The Nature and Parks Authority on Thursday called for harsher penalties for illegal gazelle hunting, due to the threat of extinction hanging over the species.

The authority hopes that this week’s decision of the International Union for Conservation of Nature (IUCN) to classify the Israeli gazelle as an endangered species will lead to stricter enforcement of the hunting ban.

Illegal hunting is one of the main threats to the large gazelle populations in the Galilee, Carmel and southern coastal plain. As reported by Haaretz on Thursday, the IUCN has called for a change in the status of the Israeli gazelle from that of a vulnerable species to an endangered species, following the release of figures showing the gazelle population has dwindled by 70 percent in the past 15 years.

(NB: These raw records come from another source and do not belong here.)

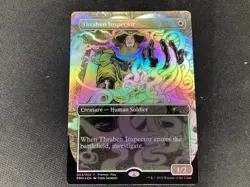 MTG Premier Play 2nd QTR 2022 THRABEN INSPECTOR x4 Foil Promo NM (9753) - Image 2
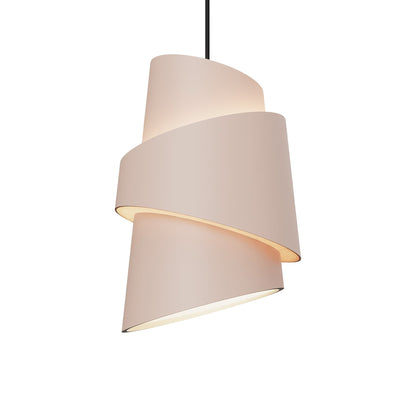 Croissant Pendant Light in Coral/Black.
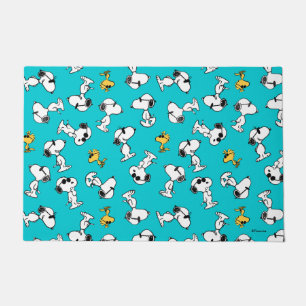 Peanuts Snoopy & Woodstock Sunglasses Pattern Doormat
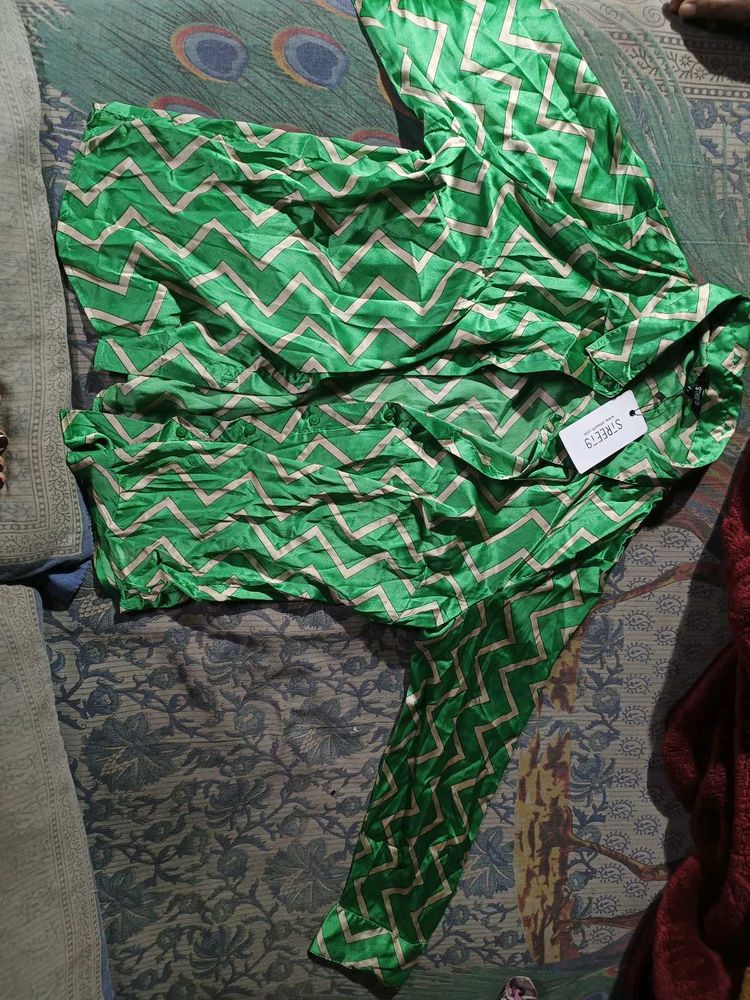 Street9 Green Patterned Shirt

“We hope the decision will help us to persuade the courts to recognize the serious damage that hunting has caused the gazelles and to hand down harsh penalties to people convicted of illegal hunting,” the authority’s chief scientist Dr. Yehoshua Shkedi said on Thursday.

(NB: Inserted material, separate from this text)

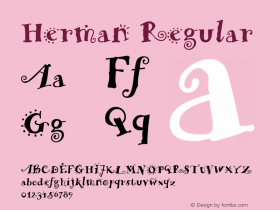 Herman Regular Macromedia Fontographer 4.1.4 7/29/98图片样张
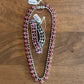 Vintage 1950s Pink Rhinestone Statement Necklace & Matching Bracelet Set - The Mustard Seed Collection, The Seed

“Today illegal hunters who are convicted in court mostly get a fine of less than 10,000 shekels, but no prison sentence,” he said.

The wildlife protection law allows for a prison sentence of two years or a fine of up to 150,000 shekels for people convicted of illegal hunting.

Shkedi said it was necessary to preserve the contiguous open areas where the large gazelle populations live, to enable the animals’ reproduction and movement.

The number of gazelles in Israel dropped from around 10,000 at the beginning of the last decade to 3,000 in 2008, according to the Nature and Parks Authority’s figures.

The authority says that the number this year is closer to 2,000, though up to 1,000 additional gazelles may be living in areas where they are not counted.

The largest gazelle population, numbering some 900 animals, is currently in the Ramot Issachar region. Some 250 gazelles live in the southern Golan Heights and some 300 in the eastern Galilee. The gazelles’ numbers are decreasing in all these regions because of illegal hunting and unsupervised reproduction of predators, such as jackals. Smaller gazelle communities live in other large open areas, like the Carmel, Lachish hills and the Judean Mountains.

“All it takes is one organized group of hunters that operates over a length of time on the Carmel to cause serious damage to the gazelle population,” Shkedi said.

The 120 gazelles in the Nitzanim Nature Reserve in the southern coastal plain are also endangered by hunters and feral dog packs, while the population in the Eastern Galilee has been seriously reduced by hunters.

The authority has been engaged in an ongoing battle to stop the hunters, many of whom use night vision equipment.

In contrast, the number of gazelles in the Gilboa has risen to about 400 in recent years. The separation barrier has apparently prevented hunters from the Palestinian Authority from entering the habitat.